Understand the four minimums inside one order
Ask suppliers to separate the minimum per design, per colorway, per material, and per size assortment. These can be different. A factory may accept an assembly quantity while a custom mesh, rubber compound, box, or logo supplier requires a larger buy.
Swipe horizontally to view all columns.
| MOQ layer | What triggers it | Buyer control |
|---|---|---|
| Design or sole platform | Line setup, tooling, pattern and process | Share a platform across colorways |
| Colorway | Material dye lot, print, logo and line change | Use common materials and fewer colors |
| Component supplier | Textile, foam, rubber, hardware or packaging run | Select stock articles or absorb excess |
| Size assortment | Mold cavities, lasts, cutting and commercial demand | Use a realistic size curve |
Why colorways create separate minimum pressure
Each colorway can require new textile dyeing, ink or film, rubber or foam pigment, thread, lace, label, sockliner, box artwork, and inspection standards. Even when the sole and pattern are shared, the supply chain sees multiple small programs.
A color update is easiest when the same base materials can be ordered in established colors and only a limited set of components changes. A fully custom head-to-toe color often has a different minimum and lead-time profile.
- List every component that changes by colorway.
- Identify stock colors versus custom dye or compound colors.
- Confirm whether supplier excess can be stored, transferred, or charged.
- Approve physical color standards under one lighting method.
- Keep box and label data versioned by color and size.
Size runs matter as much as total pairs
A total order can look large enough while individual fringe sizes are too small for efficient cutting, molding, packing, or retailer allocation. Build the size curve from market and channel data, then confirm the factory can execute it without hidden per-size restrictions.

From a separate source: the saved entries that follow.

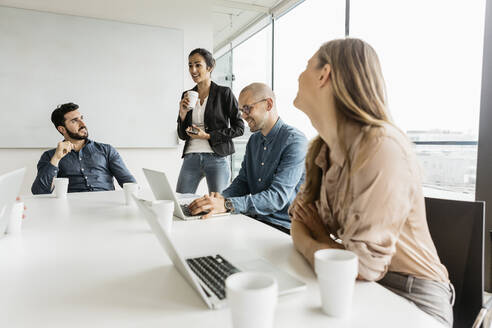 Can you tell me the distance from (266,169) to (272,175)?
5cm

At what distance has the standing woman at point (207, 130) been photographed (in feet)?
8.62

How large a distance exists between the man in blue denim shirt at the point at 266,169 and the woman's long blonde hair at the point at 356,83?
67 cm

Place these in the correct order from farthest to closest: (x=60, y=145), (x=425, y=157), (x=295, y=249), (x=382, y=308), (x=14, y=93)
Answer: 1. (x=14, y=93)
2. (x=425, y=157)
3. (x=60, y=145)
4. (x=295, y=249)
5. (x=382, y=308)

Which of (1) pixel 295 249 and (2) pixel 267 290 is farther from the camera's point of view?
(1) pixel 295 249

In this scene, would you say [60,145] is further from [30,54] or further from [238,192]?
[30,54]

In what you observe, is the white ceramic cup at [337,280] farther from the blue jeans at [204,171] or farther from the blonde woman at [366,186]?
the blue jeans at [204,171]

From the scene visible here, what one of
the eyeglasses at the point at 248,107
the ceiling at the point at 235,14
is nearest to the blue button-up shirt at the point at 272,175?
the eyeglasses at the point at 248,107

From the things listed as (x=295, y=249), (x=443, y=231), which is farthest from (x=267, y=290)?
(x=443, y=231)

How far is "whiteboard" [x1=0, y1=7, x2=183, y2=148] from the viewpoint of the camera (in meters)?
3.18

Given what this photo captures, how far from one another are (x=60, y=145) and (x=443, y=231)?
2.30 m

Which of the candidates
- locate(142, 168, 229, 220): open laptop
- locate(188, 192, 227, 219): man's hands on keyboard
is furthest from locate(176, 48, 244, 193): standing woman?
locate(188, 192, 227, 219): man's hands on keyboard

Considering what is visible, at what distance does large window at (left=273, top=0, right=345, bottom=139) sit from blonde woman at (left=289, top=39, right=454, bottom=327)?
2512mm

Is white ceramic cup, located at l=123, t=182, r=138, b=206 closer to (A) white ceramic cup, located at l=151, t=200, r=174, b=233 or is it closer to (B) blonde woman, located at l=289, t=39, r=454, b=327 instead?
(A) white ceramic cup, located at l=151, t=200, r=174, b=233

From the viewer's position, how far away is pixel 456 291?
104cm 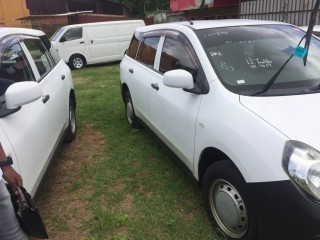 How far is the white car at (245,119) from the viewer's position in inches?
84.5

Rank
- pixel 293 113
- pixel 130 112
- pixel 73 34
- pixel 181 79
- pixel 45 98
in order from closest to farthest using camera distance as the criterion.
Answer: pixel 293 113 < pixel 181 79 < pixel 45 98 < pixel 130 112 < pixel 73 34

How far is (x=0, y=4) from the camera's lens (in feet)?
88.8

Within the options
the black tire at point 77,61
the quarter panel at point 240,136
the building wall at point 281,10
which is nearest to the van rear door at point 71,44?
the black tire at point 77,61

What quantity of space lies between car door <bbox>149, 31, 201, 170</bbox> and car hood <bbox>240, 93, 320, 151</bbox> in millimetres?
635

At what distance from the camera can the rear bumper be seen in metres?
2.04

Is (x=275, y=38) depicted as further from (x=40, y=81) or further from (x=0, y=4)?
(x=0, y=4)

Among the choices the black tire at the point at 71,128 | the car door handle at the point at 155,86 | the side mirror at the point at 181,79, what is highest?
the side mirror at the point at 181,79

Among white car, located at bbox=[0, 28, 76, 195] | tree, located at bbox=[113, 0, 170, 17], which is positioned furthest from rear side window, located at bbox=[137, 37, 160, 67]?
tree, located at bbox=[113, 0, 170, 17]

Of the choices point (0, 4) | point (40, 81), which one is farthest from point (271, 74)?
point (0, 4)

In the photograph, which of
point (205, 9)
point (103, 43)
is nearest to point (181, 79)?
point (103, 43)

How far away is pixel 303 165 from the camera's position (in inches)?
82.8

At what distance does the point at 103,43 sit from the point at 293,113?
12831 millimetres

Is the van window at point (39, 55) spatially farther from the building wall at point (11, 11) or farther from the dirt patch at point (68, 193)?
the building wall at point (11, 11)

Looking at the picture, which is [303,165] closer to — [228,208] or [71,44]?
[228,208] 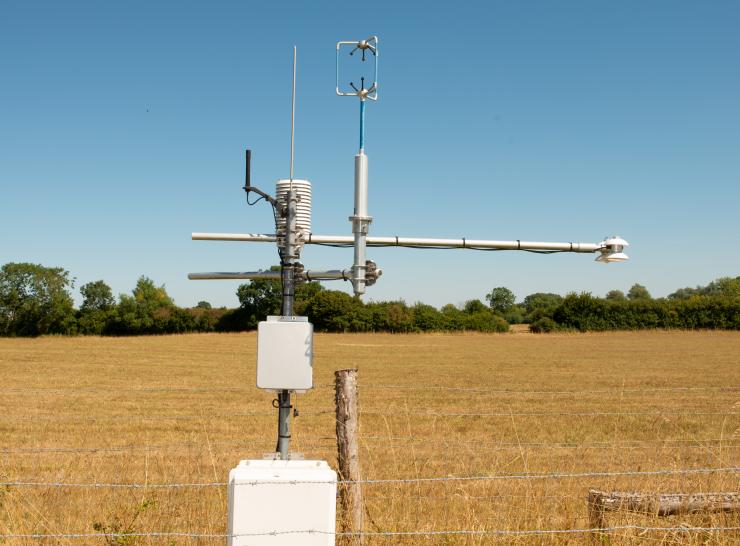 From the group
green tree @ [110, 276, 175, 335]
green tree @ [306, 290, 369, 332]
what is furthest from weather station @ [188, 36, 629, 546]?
green tree @ [110, 276, 175, 335]

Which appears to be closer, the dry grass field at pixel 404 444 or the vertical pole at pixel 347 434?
the vertical pole at pixel 347 434

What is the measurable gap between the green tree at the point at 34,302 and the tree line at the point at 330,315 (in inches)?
4.7

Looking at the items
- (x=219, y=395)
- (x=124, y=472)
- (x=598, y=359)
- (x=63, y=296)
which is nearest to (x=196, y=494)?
(x=124, y=472)

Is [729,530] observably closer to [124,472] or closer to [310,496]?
[310,496]

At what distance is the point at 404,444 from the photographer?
36.5 ft

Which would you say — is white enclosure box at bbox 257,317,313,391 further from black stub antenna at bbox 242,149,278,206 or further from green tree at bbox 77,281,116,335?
green tree at bbox 77,281,116,335

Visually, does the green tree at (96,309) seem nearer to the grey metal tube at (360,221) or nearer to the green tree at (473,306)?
the green tree at (473,306)

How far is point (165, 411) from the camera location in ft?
49.3

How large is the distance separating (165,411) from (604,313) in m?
60.0

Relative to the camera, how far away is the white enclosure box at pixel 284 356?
4.04 m

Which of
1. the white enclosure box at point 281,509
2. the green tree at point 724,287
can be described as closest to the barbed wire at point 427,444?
the white enclosure box at point 281,509

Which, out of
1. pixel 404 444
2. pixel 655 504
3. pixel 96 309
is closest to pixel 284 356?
pixel 655 504

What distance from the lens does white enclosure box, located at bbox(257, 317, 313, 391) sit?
159 inches

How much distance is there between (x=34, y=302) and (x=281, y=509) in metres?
87.1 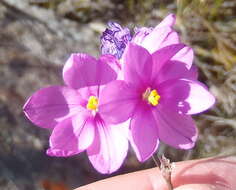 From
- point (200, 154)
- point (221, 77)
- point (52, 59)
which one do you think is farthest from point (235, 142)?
point (52, 59)

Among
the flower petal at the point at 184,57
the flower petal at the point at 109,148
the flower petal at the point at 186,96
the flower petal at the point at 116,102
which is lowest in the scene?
the flower petal at the point at 109,148

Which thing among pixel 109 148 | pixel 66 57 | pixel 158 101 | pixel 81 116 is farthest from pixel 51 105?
pixel 66 57

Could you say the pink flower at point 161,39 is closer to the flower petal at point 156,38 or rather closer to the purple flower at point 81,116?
the flower petal at point 156,38

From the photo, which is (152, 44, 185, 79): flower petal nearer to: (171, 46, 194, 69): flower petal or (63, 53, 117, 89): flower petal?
(171, 46, 194, 69): flower petal

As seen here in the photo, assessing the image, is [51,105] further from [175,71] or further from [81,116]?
[175,71]

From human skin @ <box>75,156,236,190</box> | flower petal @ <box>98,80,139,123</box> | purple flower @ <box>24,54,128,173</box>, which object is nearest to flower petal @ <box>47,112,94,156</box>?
purple flower @ <box>24,54,128,173</box>

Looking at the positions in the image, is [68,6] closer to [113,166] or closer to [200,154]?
[200,154]

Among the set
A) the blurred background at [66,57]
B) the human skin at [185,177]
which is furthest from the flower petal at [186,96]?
the blurred background at [66,57] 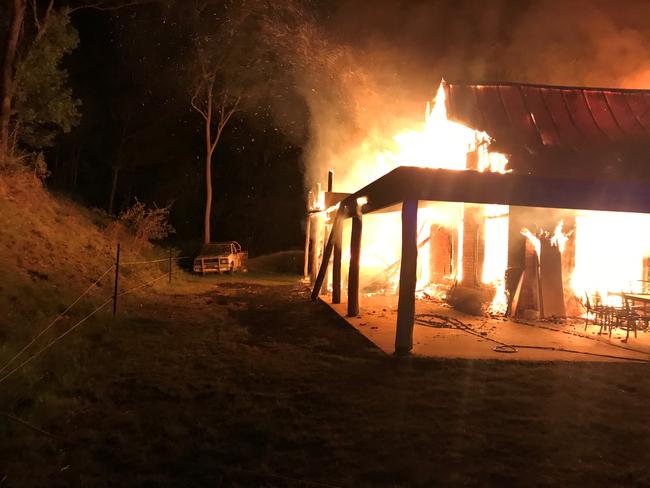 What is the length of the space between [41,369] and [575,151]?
12518mm

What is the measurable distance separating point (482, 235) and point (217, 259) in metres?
14.2

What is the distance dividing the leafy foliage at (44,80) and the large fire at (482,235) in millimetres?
11599

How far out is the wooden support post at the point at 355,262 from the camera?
1154cm

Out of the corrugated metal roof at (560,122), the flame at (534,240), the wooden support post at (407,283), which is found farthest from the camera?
the corrugated metal roof at (560,122)

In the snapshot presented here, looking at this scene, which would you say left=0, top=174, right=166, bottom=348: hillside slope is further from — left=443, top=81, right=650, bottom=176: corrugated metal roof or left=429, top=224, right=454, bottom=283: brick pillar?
left=443, top=81, right=650, bottom=176: corrugated metal roof

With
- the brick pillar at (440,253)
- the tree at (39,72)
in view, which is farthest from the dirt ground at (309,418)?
the tree at (39,72)

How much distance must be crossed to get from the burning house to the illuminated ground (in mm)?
893

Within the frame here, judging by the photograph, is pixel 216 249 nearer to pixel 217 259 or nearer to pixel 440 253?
pixel 217 259

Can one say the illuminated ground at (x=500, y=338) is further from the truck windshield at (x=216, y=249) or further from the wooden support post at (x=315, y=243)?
the truck windshield at (x=216, y=249)

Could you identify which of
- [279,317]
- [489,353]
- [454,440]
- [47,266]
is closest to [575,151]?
[489,353]

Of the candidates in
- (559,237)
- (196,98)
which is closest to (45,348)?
(559,237)

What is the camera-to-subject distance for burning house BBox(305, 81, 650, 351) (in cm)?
881

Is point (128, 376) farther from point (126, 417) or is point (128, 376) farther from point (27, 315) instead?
point (27, 315)

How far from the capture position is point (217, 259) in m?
24.6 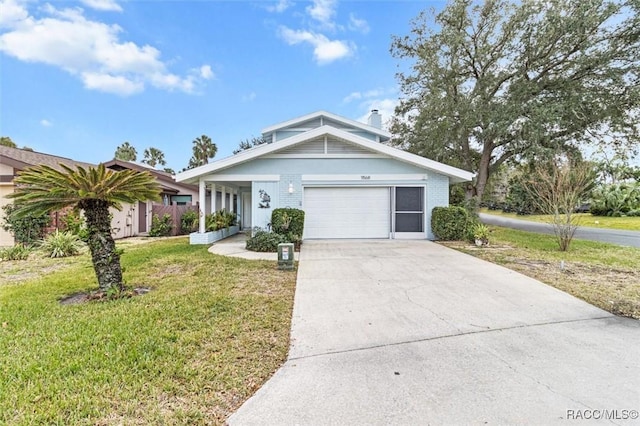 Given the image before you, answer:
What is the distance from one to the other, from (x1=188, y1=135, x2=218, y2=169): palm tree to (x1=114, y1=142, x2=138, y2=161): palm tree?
32.7 feet

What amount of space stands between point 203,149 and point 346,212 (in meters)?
34.2

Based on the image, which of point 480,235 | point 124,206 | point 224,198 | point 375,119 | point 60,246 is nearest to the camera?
point 60,246

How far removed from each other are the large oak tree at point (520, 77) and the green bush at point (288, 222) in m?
10.7

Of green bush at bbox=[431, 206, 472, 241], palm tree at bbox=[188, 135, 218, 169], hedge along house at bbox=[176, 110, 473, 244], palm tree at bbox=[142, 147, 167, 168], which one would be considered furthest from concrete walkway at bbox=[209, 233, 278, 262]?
palm tree at bbox=[142, 147, 167, 168]

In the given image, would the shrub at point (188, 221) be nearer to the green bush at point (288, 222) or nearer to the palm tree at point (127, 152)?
the green bush at point (288, 222)

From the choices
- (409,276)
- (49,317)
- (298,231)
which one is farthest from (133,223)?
(409,276)

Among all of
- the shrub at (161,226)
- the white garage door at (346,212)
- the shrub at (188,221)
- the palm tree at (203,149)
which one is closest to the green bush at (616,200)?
the white garage door at (346,212)

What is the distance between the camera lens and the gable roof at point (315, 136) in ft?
38.1

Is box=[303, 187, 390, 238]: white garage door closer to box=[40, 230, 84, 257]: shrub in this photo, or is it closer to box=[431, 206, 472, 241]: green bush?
box=[431, 206, 472, 241]: green bush

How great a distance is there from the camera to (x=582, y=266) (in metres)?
7.77

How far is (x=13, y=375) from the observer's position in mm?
2896

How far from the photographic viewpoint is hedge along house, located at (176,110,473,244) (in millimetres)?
12102

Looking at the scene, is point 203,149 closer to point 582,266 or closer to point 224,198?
point 224,198

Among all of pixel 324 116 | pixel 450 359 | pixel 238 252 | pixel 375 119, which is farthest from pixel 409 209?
pixel 450 359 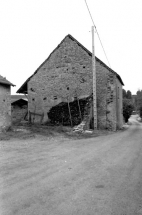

Swipe horizontally to view all columns.
| Planning item | Question to resolve |
|---|---|
| Core sizes | Which sizes carry most demand? |
| Fringe sizes | Are small quantities operationally accepted? |
| Mold and last set | Are all required sizes available and approved? |
| Box matrix | Which box size maps to each shoe size? |
| Reorder plan | Can missing sizes be repeated economically later? |
Stock platform versus original development
A stock outsole and established last can lower the setup burden because tools, process, and component supply already exist. Original soles, lasts, compounds, and engineered textiles add development minimums even before bulk quantity is discussed.
A stock-platform route is not generic when the upper pattern, material combination, colors, logos, sockliner, packaging, and product story are designed coherently. Use original tooling when differentiation justifies the investment and forecast.
For suitable projects, the working MOQ starts around 500 pairs per design. Final minimums depend on construction, color split, size curve, materials, branding, packaging, and supplier terms, so confirm them in the quotation.
Ways to reduce MOQ pressure without weakening the product
- Launch fewer colorways and give each one enough commercial depth.
- Use one approved sole, last, lining, thread, lace, and packaging structure across the range.
- Choose established material articles and supplier colors before requesting custom dye lots.
- Use variable labels over shared evergreen box artwork when market rules permit.
- Negotiate ownership and use of excess components in writing.
- Place a forecast or phased call-off only when storage, payment, and material aging are controlled.
Do not reduce MOQ by accepting unapproved substitutions. A component that changes fit, color, durability, or compliance creates a larger risk than a smaller launch.
Questions to ask in every MOQ quotation
Request a line-by-line assumption sheet so the quoted minimum can be compared across factories.
- MOQ per design, colorway, material, component, and packaging item.
- Required size curve and any per-size minimum or mold limitation.
- Stock versus custom items and supplier lead times.
- Excess-material quantity, ownership, storage term, and reuse conditions.
- Price breaks at realistic volumes without invented forecast commitments.
- Reorder minimums, color continuity, and component-obsolescence risk.
Attach the planned split through the request a quote form rather than sending only a total pair count.
Build a launch quantity that can be repeated
The best opening order is not always the smallest accepted quantity. It is the smallest range that gives each color and size enough demand, keeps approved components controllable, and leaves a viable reorder path.
- Forecast by SKU, not only by model.
- Separate confirmed order from optional future colors.
- Keep tooling and evergreen components reusable where possible.
- Record component supplier and color codes for repeat orders.
- Review sell-through and return data before expanding the next colorway.
Approve the order only when design MOQ, color MOQ, size curve, component excess, packaging, and reorder terms are all written into the quotation and purchase order.
Key takeaways
- MOQ is a stack of factory, color, component, packaging, and size constraints.
- Fewer deeper colorways are usually easier to source and reorder than many shallow ones.
- Stock platforms and established materials reduce setup without preventing strong branding.
- Confirm ownership and aging risk for excess custom components.
- Put the exact design, color and size split in the RFQ and purchase order.